According to Balodis (2008:10), the earliest Latvians bore a single name. These names were taken from nature, and people could be named after animals, birds, trees, flowers, or the elements. In the 13th century, the Northern Crusades reached the modern-day territories of Estonia and Latvia, and the names of the inhabitants of this region, called Livonia, were recorded with an increasing frequency (Sutorp 2015:13-4). As the Crusades continued, bringing with them not only colonisation but Christianisation, baptism into the new faith also meant that indigenous peoples were named after patron saints or guardian angels (Balodis 2008:11). Over subsequent centuries, the naming pool was reduced to a handful of popular "Christian" names, and the Latvian-speaking peasants, living under a single manor, often shared the same name (Selart 2016:3; Balodis 2008:11). This necessitated the need for bynames that could provide some disambiguation. By the 15th century, Latvian people were regularly recorded with bynames, and subsequently most of the examples below are from the 15th and 16th centuries (Balodis 2016:1).

A map showing the languages spoken in medieval Latvia.
Figure 1: "The geographical and linguistic boundaries of the Latgalians, Semigallians, Curonians and Livonians circa 1250." Map designed by Dr. A Bielenstein, drawn by M. Bielenstein, printed 1892.
In the centre of the map is the area where Latvian-speaking Latgalians lived (pink), with Semigallians and Selonians south of the Daugava River. To the north are Estonian speakers (brown), to the west are Livonian speakers (blue) and where Curonians, Latgalians, and Livonians mixed (pink with hatching). To the south are the Lithuanians and Samogitians (gold-yellow), and to the east are Ruthenians (green).
Map now in the public domain, via Wikimedia Commons.
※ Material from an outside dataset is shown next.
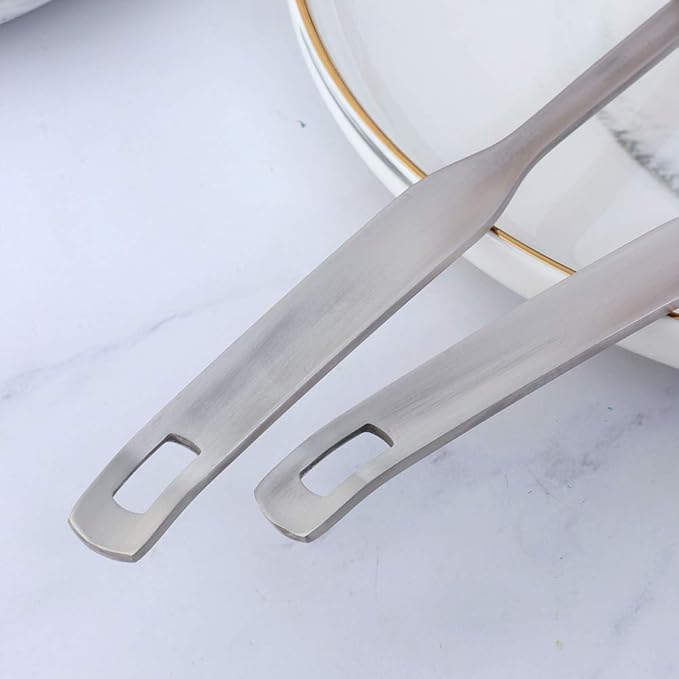 2 Pcs Soup Ladle Colander, Metallic Frosting Flatware Cookware Serving Long Handle Steel Slotted Spoon Cooking Utensil Set for Hotpot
The Latvian language belongs to the Baltic group of the family of Indo-European languages (Jansone 2010:741). Its closest living relatives are the Lithuanian language, and its dialects, and the modern Latgalian language spoken in eastern Latvia. Over the centuries, the Baltic languages spoken by the Semigallians, Selonians, and Curonians, slowly shifted to dialects of the Latvian language (Jansone 2010:743). However these Baltic languages are not related to the Finnic language also spoken in the present-day territory of Latvia, called Livonian, or the Estonian language in neighbouring Estonia. The colonisation of Livonia after the Crusades resulted in the "German urban merchant elites and artisan middle classes" living "alongside the indigenous populations" in the cities of medieval Livonia, where the primary language of record was Middle Low German (Strenga 2021:61). Over the centuries, particularly after the Reformation, the rights of Latvians were restricted. The non-German town residents by the 15th century may have been unable to purchase property, and were excluded from various craft guilds that controlled who could practice skilled trades within the city (Strenga 2021:66,67). Outside of urban centres, the German nobility became manor lords in a demesne economy where each peasant was expected to support themselves as well as provide labour to the manor that they lived under (Melton 1988:315-6, 326-8).

Jansone (2010) and Strenga (2021:78) note that the authors of the earliest examples of Latvian writing were all ethnically and culturally German. When working as scribes that recorded the Latvian bynames of individuals, these German writers "used the letters of the German alphabet at that time, and texts were based on the orthography of Lower German" to record the Latvian language (Jansone 2010:744). Despite these limitations of the available sources, linguists have identified bynames that have preserved recognisable Old Latvian words, and hence are considered to be records of people who were ethnically Latvian, instead of belonging to the Low German-speaking elite.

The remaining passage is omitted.